I’ve divided this post into four topics of telling. Hopefully, this will give you some insight to help you improve in this area.
NOTE: Most of the examples in this e-zine are bad examples. Do not write like this! In many places I give a better example to show you the difference.
A lot of people feel the need to tell everything about their character up front. This is called the information dump. A bad example might look like this:
Kate grabbed her backpack that Grandma Kay gave her last Christmas and headed out of the school. She was a studious young girl, and never left home without her backpack. Good grades were important to her. Grandma used to help her study when Kate lived in Miami. They used to spend hours working on Math, Kate’s most challenging subject. Kate missed Miami. She especially missed Grandma Kay. She remembered when he dad told her they were moving.
“Kate, we’re moving,” her dad had said.
“What?” Kate blinked in shock. “No, Dad! I won’t go!”

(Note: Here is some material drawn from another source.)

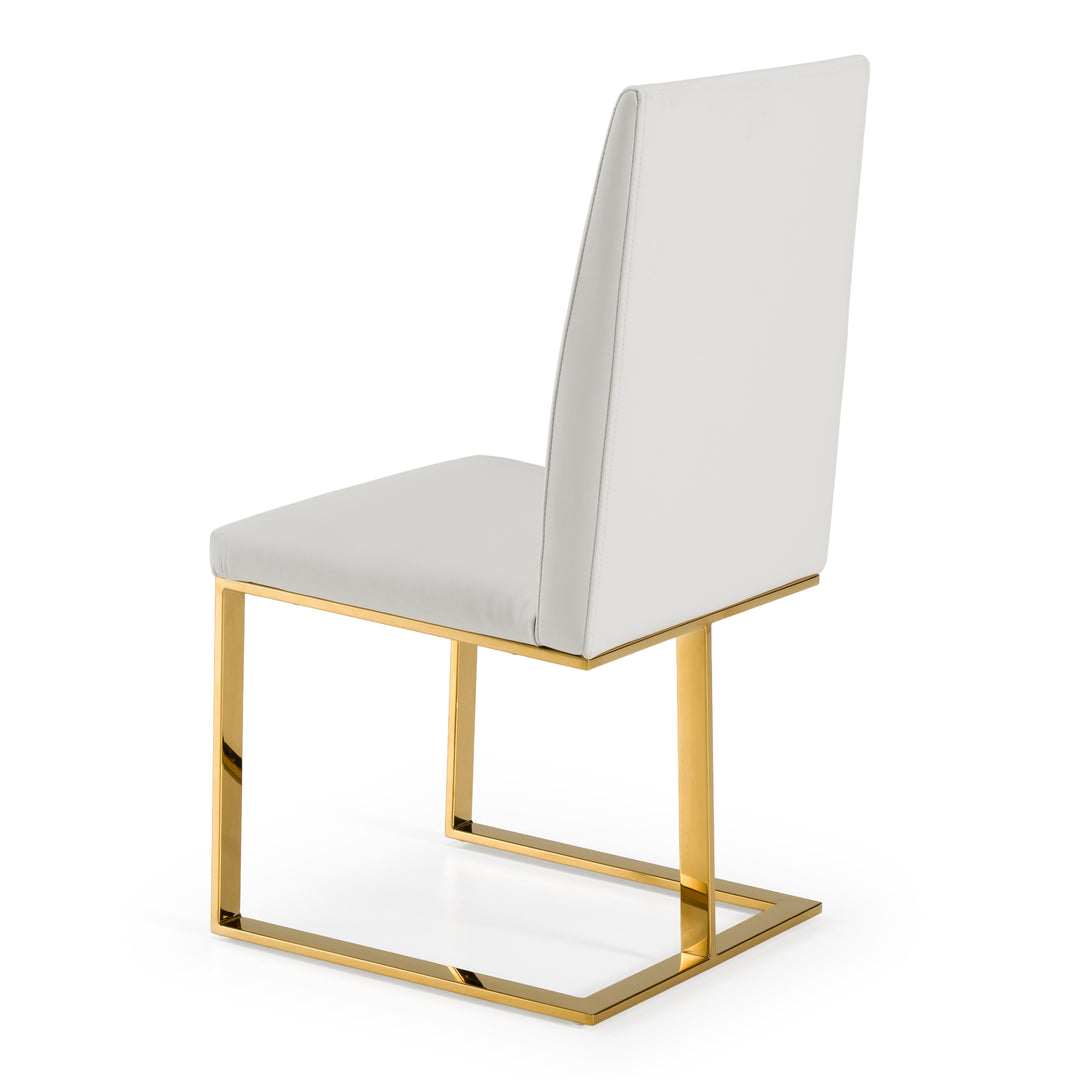 Frankie - Contemporary White & Gold Dining Chair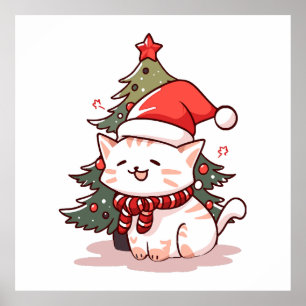 Póster Gato lindo con sombrero de Santa cerca del árbol d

The reader wants to know about what Kate is doing right now. In case you missed it, she’s walking home from school. There wasn’t much of that in the story. A good writer will save Kate’s backstory for when it’s important for the reader to know, and start the story with some interesting action. Jeff Gerke says to imagine your story as it’s being played on the silver screen. How would the viewer feel if the screen suddenly went black and a voice started talking? Boring! Try not to do that. Let the reader see everything that’s happening.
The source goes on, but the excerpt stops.